[WHAT YOU HAVE TO DO] Starting at the line that contains "State of Art" and stopping at the line that contains "#disfootballsef", restate each line of the records below exactly. Omit the pictures.

[DATA TO PROCESS]
*** Begin section ***

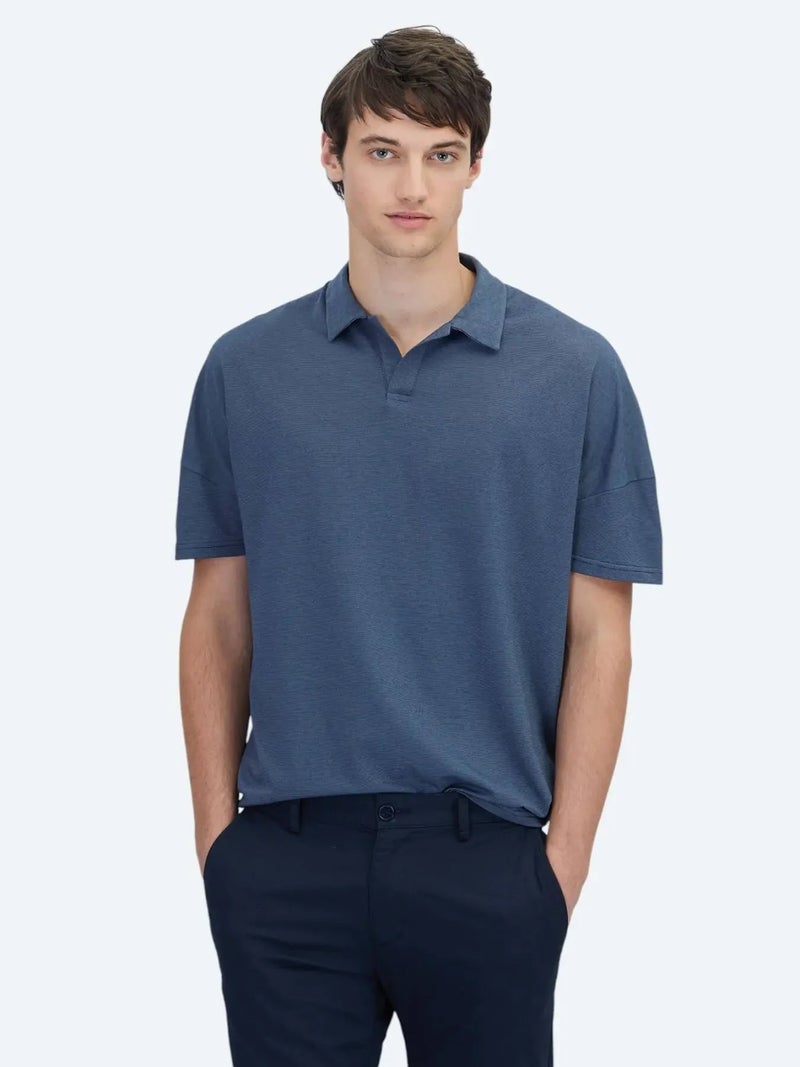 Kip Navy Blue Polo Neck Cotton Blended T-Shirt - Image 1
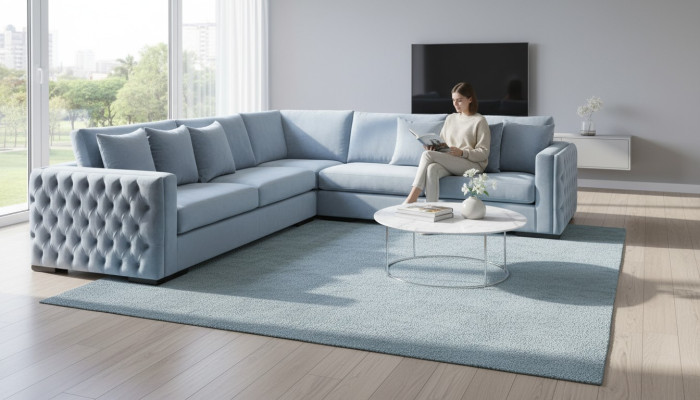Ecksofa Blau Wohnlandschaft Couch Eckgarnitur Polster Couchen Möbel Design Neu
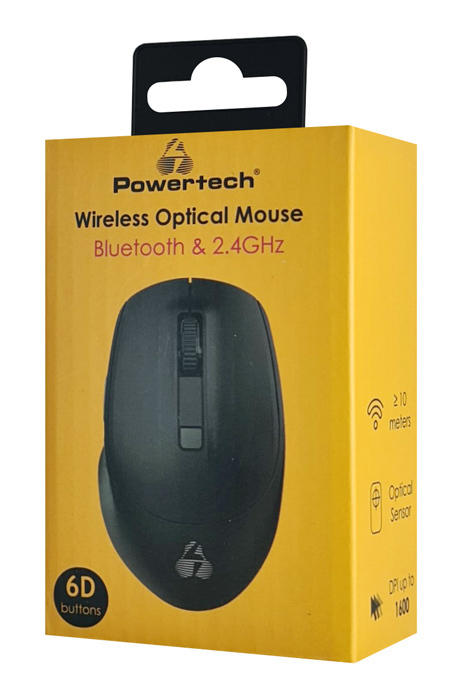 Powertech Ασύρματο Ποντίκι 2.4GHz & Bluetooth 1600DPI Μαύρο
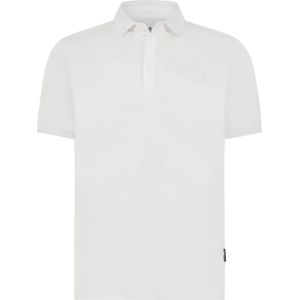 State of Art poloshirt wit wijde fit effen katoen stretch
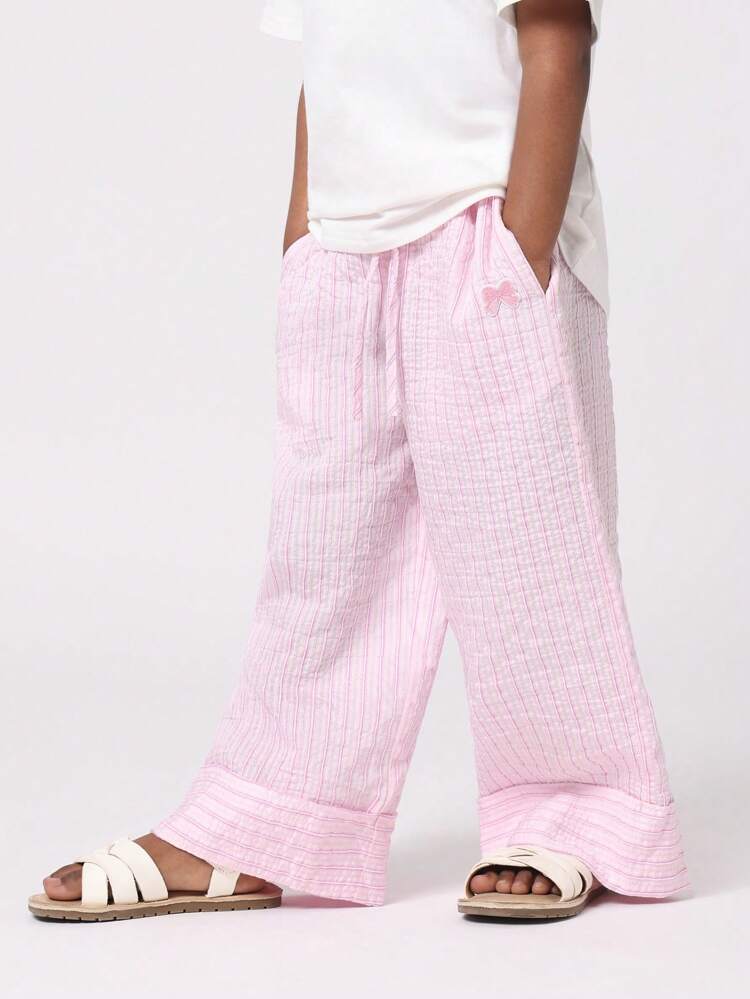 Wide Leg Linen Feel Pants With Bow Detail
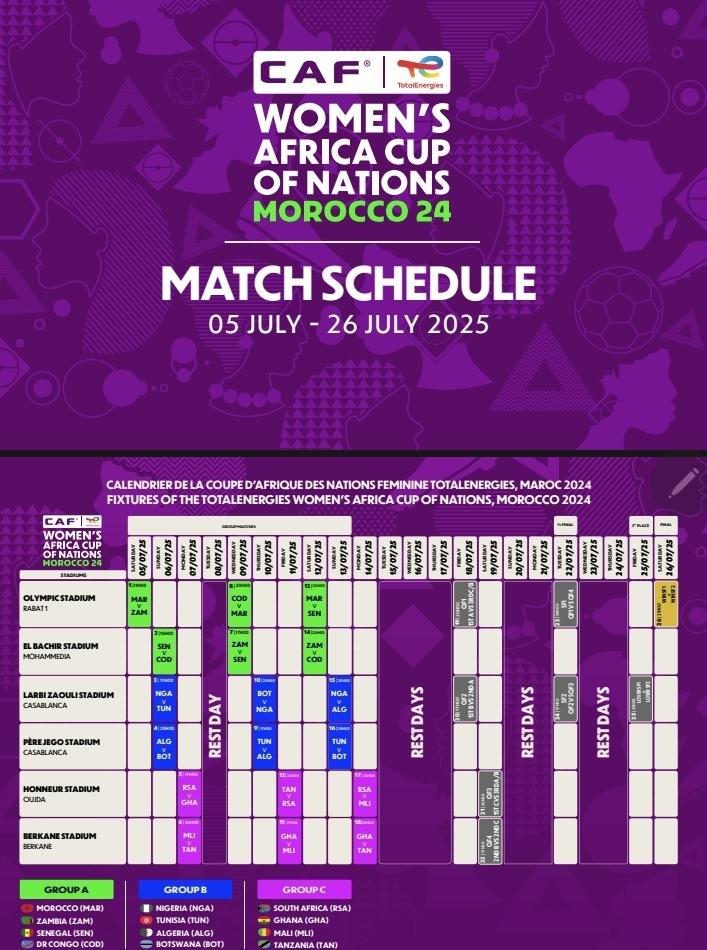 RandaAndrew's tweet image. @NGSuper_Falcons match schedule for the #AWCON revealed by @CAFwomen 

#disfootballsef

*** End section ***
*** Begin section ***

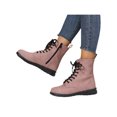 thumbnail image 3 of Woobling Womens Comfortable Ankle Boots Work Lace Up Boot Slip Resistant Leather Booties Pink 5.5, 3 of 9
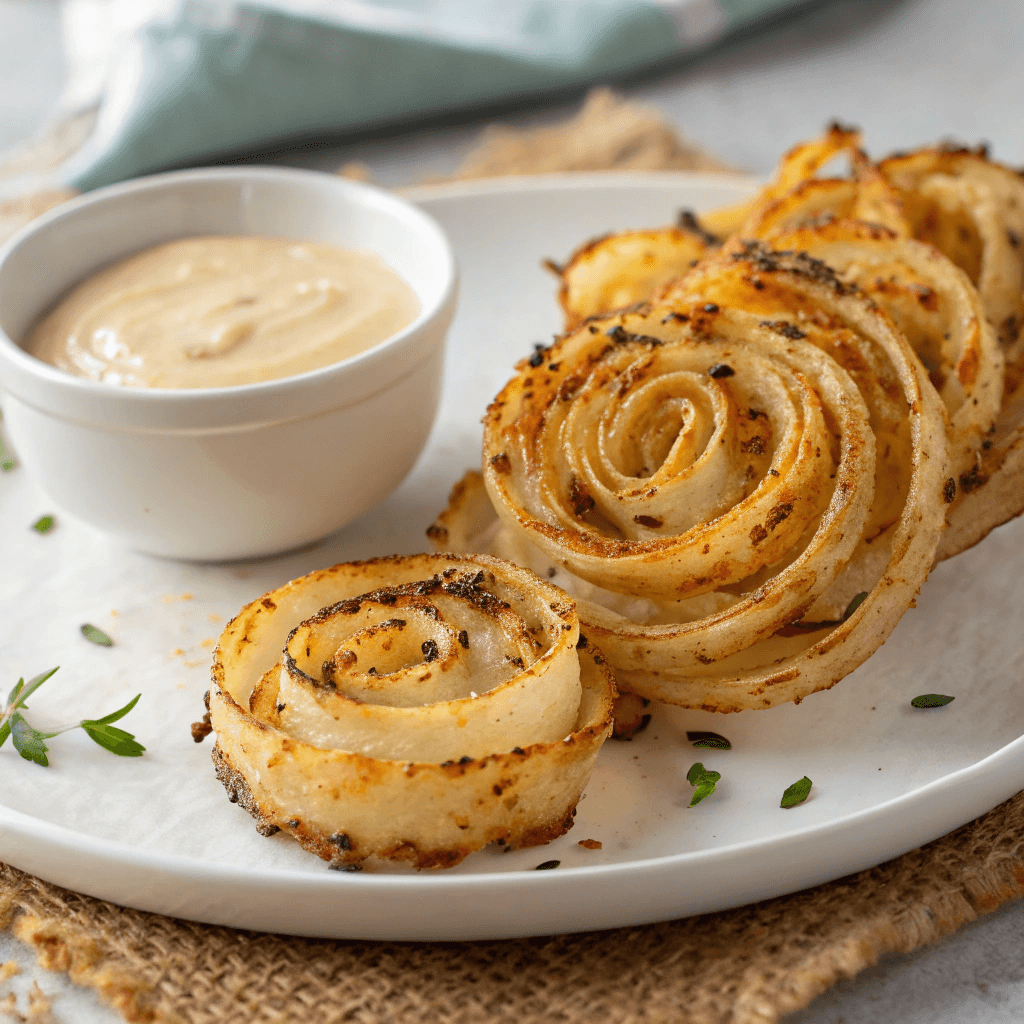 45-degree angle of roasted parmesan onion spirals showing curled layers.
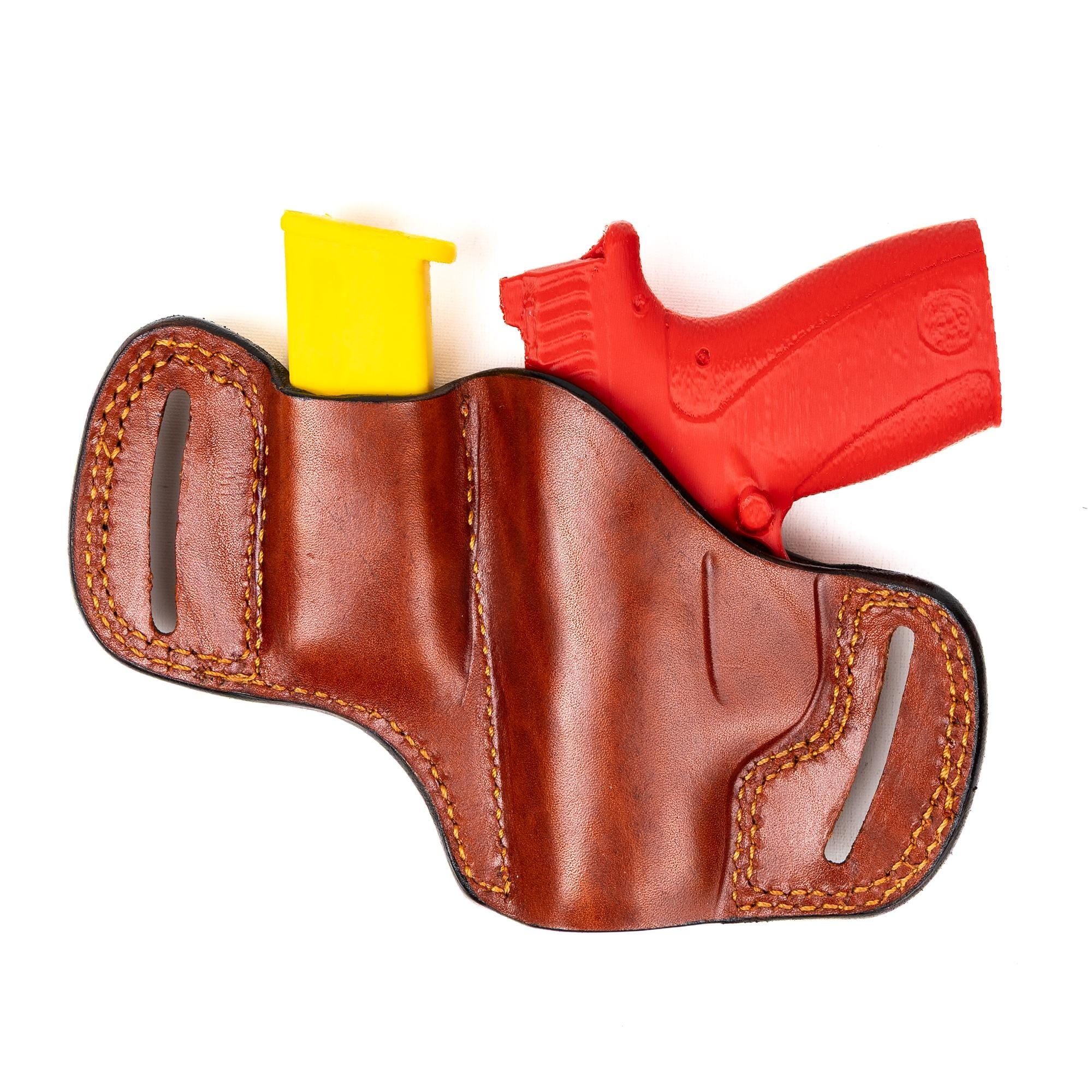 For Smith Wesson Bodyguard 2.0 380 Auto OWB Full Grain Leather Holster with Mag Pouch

*** End section ***

[ANSWER BELOW]
 State of Art poloshirt wit wijde fit effen katoen stretch
 Wide Leg Linen Feel Pants With Bow Detail
 RandaAndrew's tweet image. @NGSuper_Falcons match schedule for the #AWCON revealed by @CAFwomen 

#disfootballsef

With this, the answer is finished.